Leonid · November 20, 2018, 1:28pm

Hi, we use cryosparc 2.4.2 on cluster nodes, each node with 4 X 1080ti, 20 CPUs and 256 GB of memory. Nodes run CUDA9.1 and submit is via SLURM.
Most things work when using 216 pixel box, but so far any attempt with homo_refinement with 432 pix box failed:
Initially “no heartbeat received in 30 seconds” error appeared after 1st iteration, at “Computing FSCs” step of second iteration.
I tried to increase memory allocation in cluster.sh, so that instead of requested 24GB it gets 72GB - now “LogicError: cuCtxCreate failed: invalid device ordinal” appears earlier, at initial scale estimation stage.
Also, “LogicError: cuCtxCreate failed: invalid device ordinal” error appears even with 216 box when trying Non-uniform refinement.

Perhaps internal “ram_gb” parameter can be increased?

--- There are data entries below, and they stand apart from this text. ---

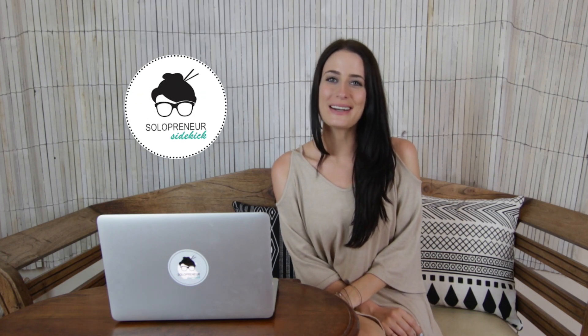Hey guys, my name is Louise of solopreneursidekick.com and in this video I'm going to show you how to schedule client meetings with Squarespace.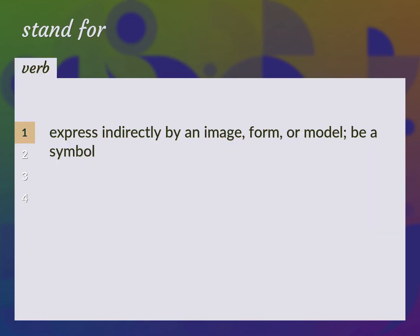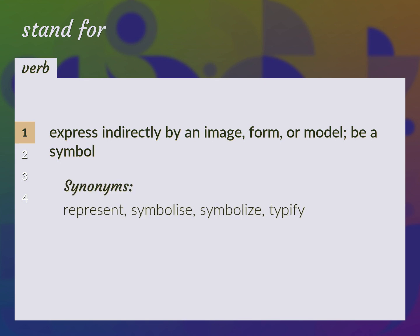Express indirectly by an image, form, or model. Be a symbol. Represent, symbolize, typify.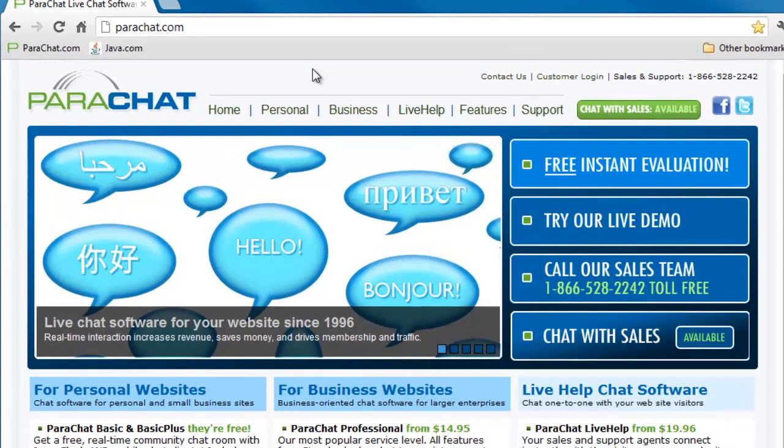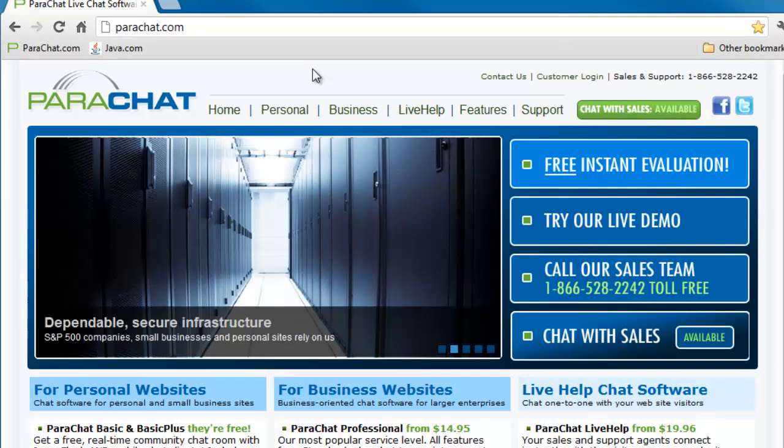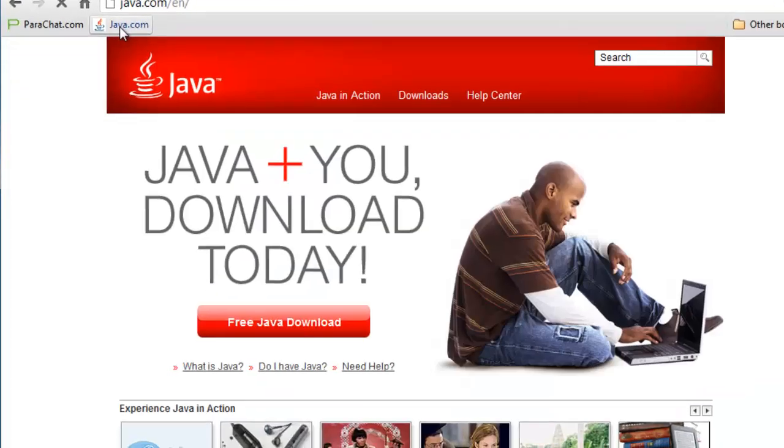Hi, Parachatters. It's Simon in Parachat Support. Today we're going to look at how to verify your computer's Java version. The first thing to do is to go to java.com.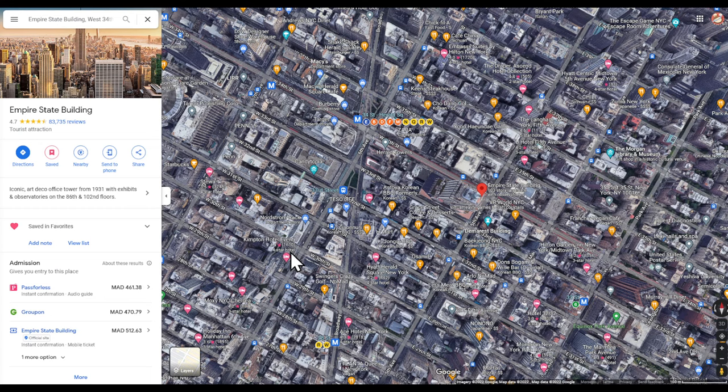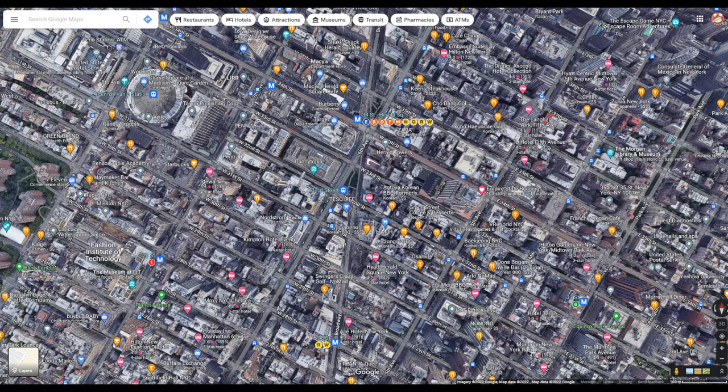Hi there guys, in this video I'm going to show you how to pin multiple locations on Google Maps. Stick around to the end. First of all, make sure you're signed in to Google Maps, whether you're using a phone or mobile. Top right corner, make sure you're logged in. Head to Google Maps — go to maps.google.com or search Google Maps in your favorite browser.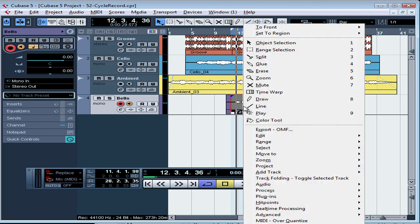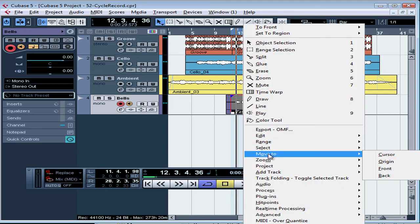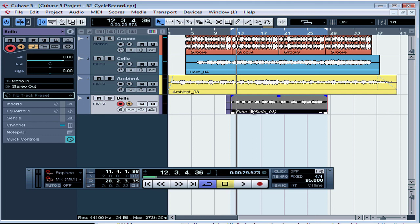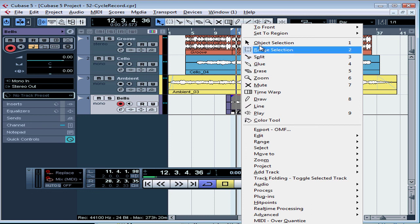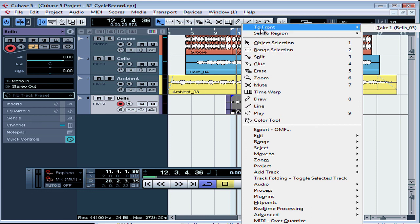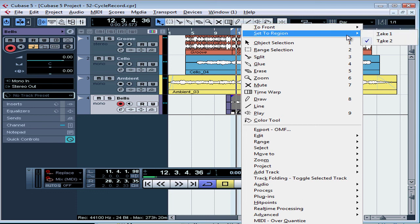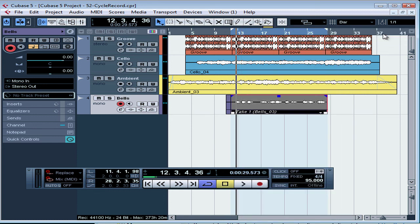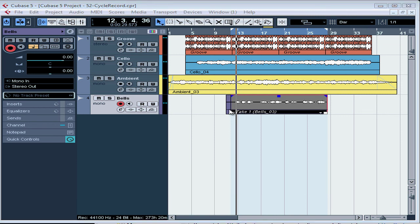Let's Alt or Option right-click again and put Take One to the back. Now Take Two is in the front and if we play back, we'll hear Take Two. We need to disable the monitor to listen, of course. We can also use the Alt or Option right-click and scroll up to To Front or Set To Region, and then here we select which take to put in front. Set To Region will list all of our takes and the active take will be marked with a checkmark. We just choose which one we'd want to make the active take. Now Take One's in the front. This way we don't have to delete a take to listen to the alternate.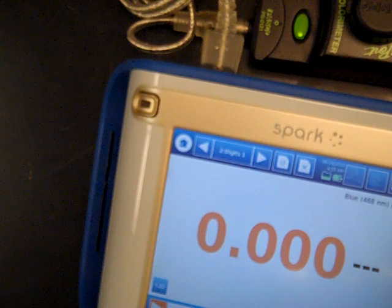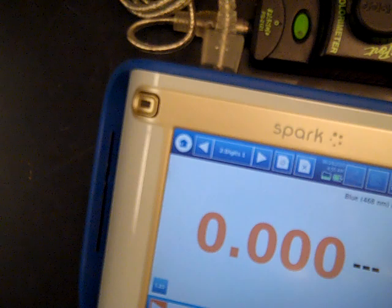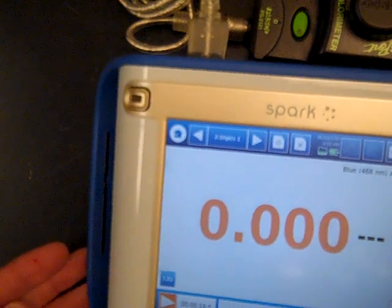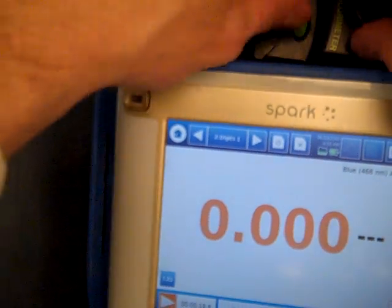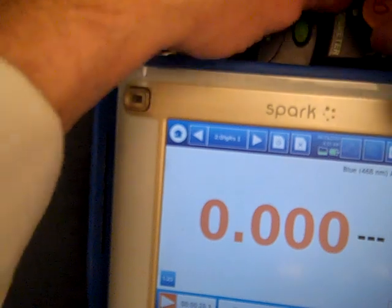Once the green light goes off, the blank has run, and we have a 0.000 absorbance.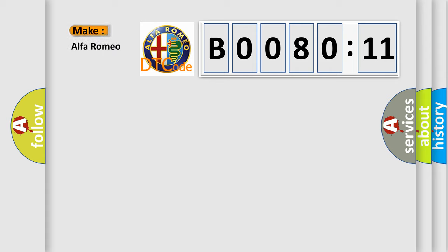Specifically for Alfa Romeo car manufacturers. The basic definition is: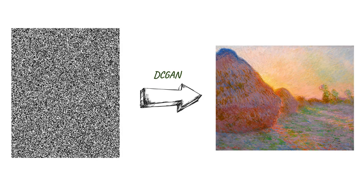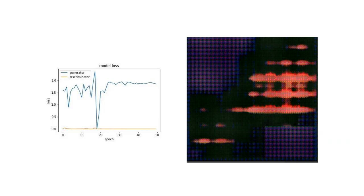First, we tried to use a deep convolutional GAN, a type of GAN where the generator uses random noise as the input on which to base its forgery. The training of the DCGAN faced many difficulties, such as instability where there were sudden large spikes in performance, and early convergence where learning stopped taking place. We were not able to overcome these difficulties. As you can see, our generated image looks quite different from Monet's art.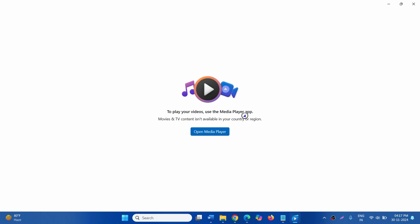However, using an older version of Movies and TV app, you can play the video. But how can you install the older version? Follow the steps.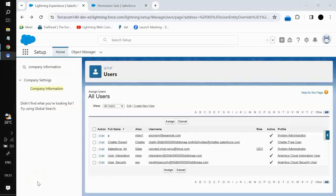In this video we will discuss permission set licenses. Permission set licenses entitle users to access additional features not included in their assigned user license. Users can be assigned to any number of permission set licenses. For example, if we have a Salesforce platform user license, you will have access to some objects, but if there is a newly installed package and you want to access objects of that particular package, you need that particular permission set license assigned to your user.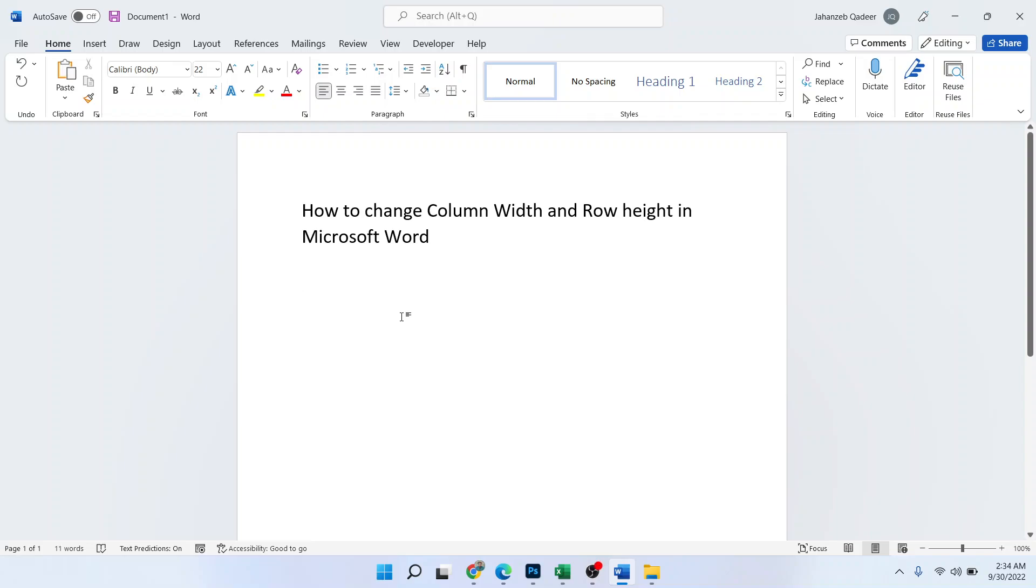Hi guys, welcome to How to Solutions YouTube channel. In today's video, I'm going to show you how to change column width and row height in Microsoft Word. Before getting into this video, please subscribe to our YouTube channel.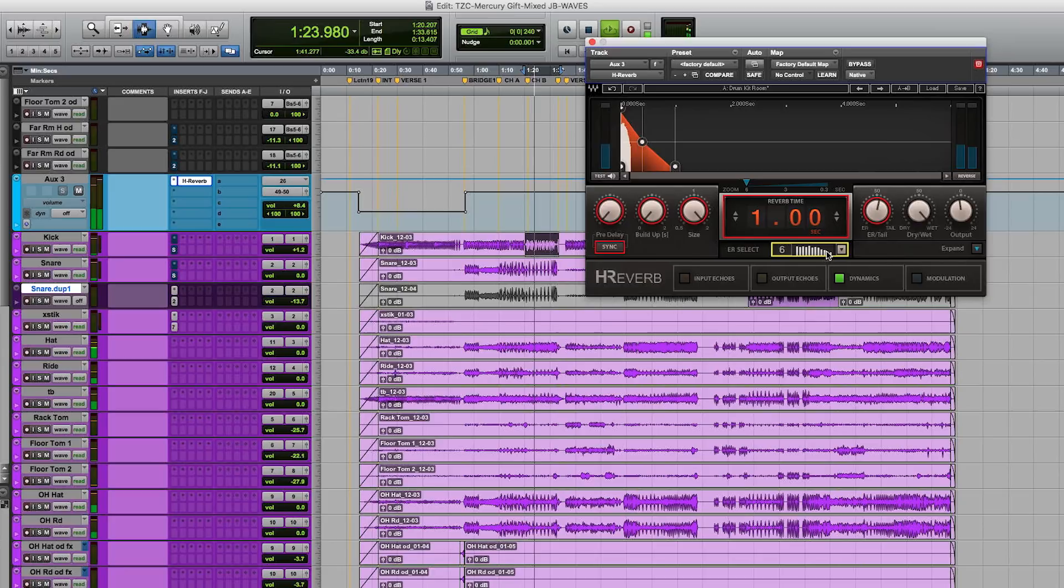And I'm always making these decisions in a track. Right now you're only hearing solo drums. When the guitars and the bass are in, I'll play a little example and I'll flip through these as well.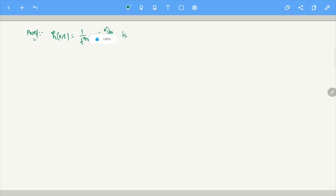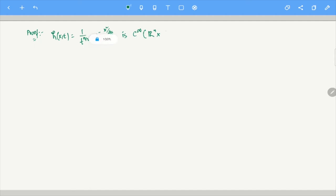Consider the function h(x,t) = (1/t^{n/2}) · e^{−|x|²/(4t)}. This is essentially the fundamental solution without the constant. This function is C^∞ — but where? For t away from 0: for each δ > 0, h(x,t) is a C^∞ function on R^n × (δ, ∞). There is absolutely no issue there.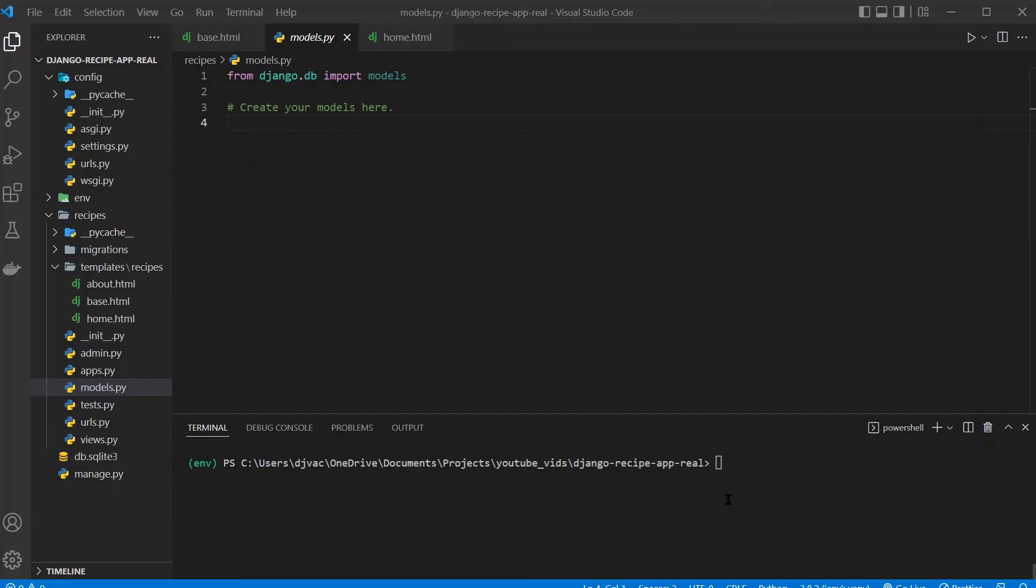Awesome, so welcome to this next video where we'll actually start to set up the recipes tables and look at the Django ORM and get some of the actual data pulled into the web app.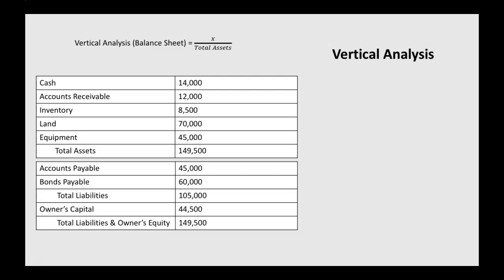For cash, we take the cash amount of 14,000, divide that by our total assets of 149,500, and cash is 9.4% of our total assets.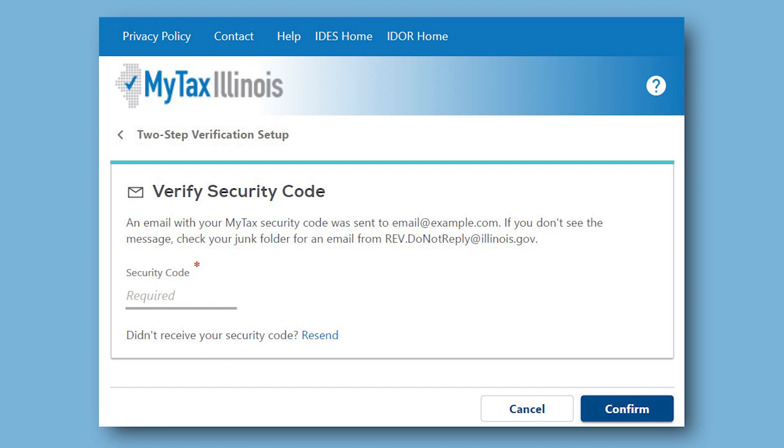If you will be using the same device to regularly access your My Tax Illinois account, you can select the Trust This Device box after you have entered your security code the next time you log in. This will allow you to access your My Tax Illinois account from your chosen device without a security code.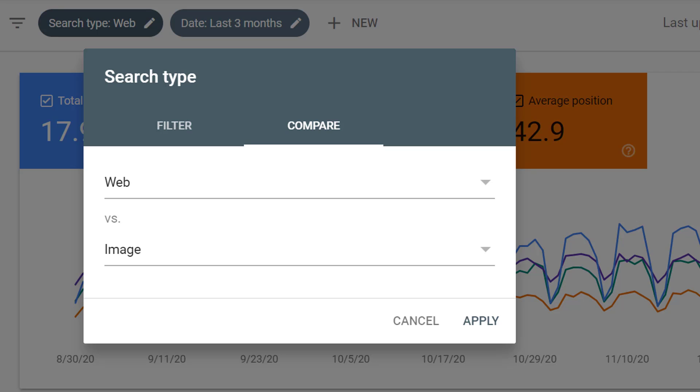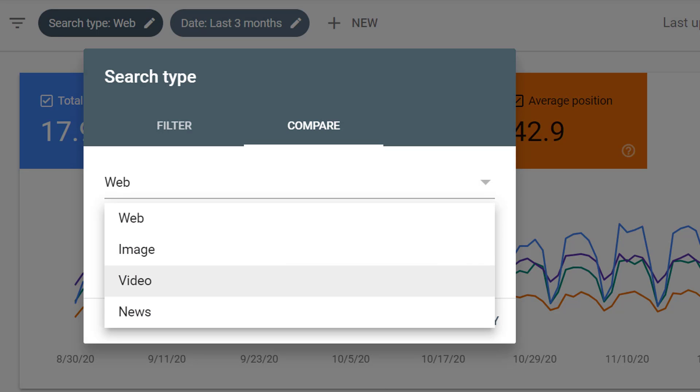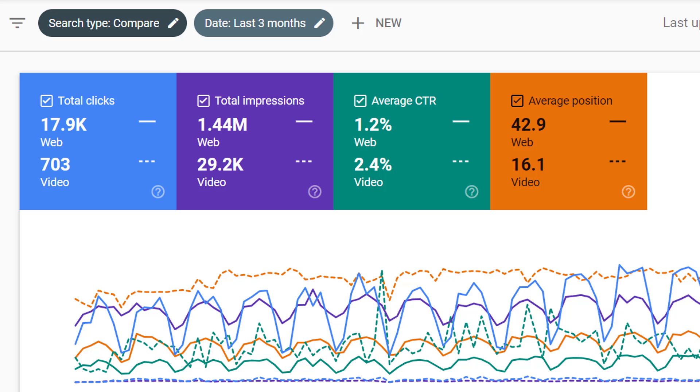We can look at web compared to video, and we can see if video does a lot better than web or has a better click-through rate. This way we can understand the different kinds of content that we're creating and how that might be helping our search performance.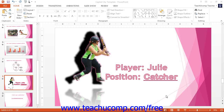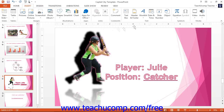Then click the Audio drop-down button — or the Sound drop-down button for PowerPoint 2007 — located in the Media Button group, or the Media Clips button group for PowerPoint 2007, on the Insert tab within the ribbon. Select the Record Audio command, or Record Sound command for PowerPoint 2007, to open the Record Sound dialog box.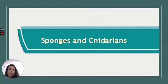Hello, class. We are continuing Chapter 12 in Invertebrates and focusing this lesson on sponges and cnidarians.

Any tips what can be tried highly appreciated!
Many thanks for any help!

olibclarke · November 20, 2018, 6:19pm

I don’t think this can be purely a box size issue - I’m routinely using 512-px box size datasets on a workstation with dual Titan-X cards and 256GB RAM

Leonid · November 21, 2018, 11:29am

Hi, thanks for info - can you share your cluster_script.sh? Not sure what can be different in our cluster set-up - the same dataset refines with 216 box, but not with 432.
The nodes are shared with other jobs mostly running relion, but slurm should not allow any oversubscription of CPUs or memory.
Thanks!

olibclarke · November 21, 2018, 3:15pm

Hmmm I don’t have a cluster_script.sh, or if I do I have not edited it - this is a GPU workstation, not a cluster. Maybe that is part of the issue?

Cheers
Oli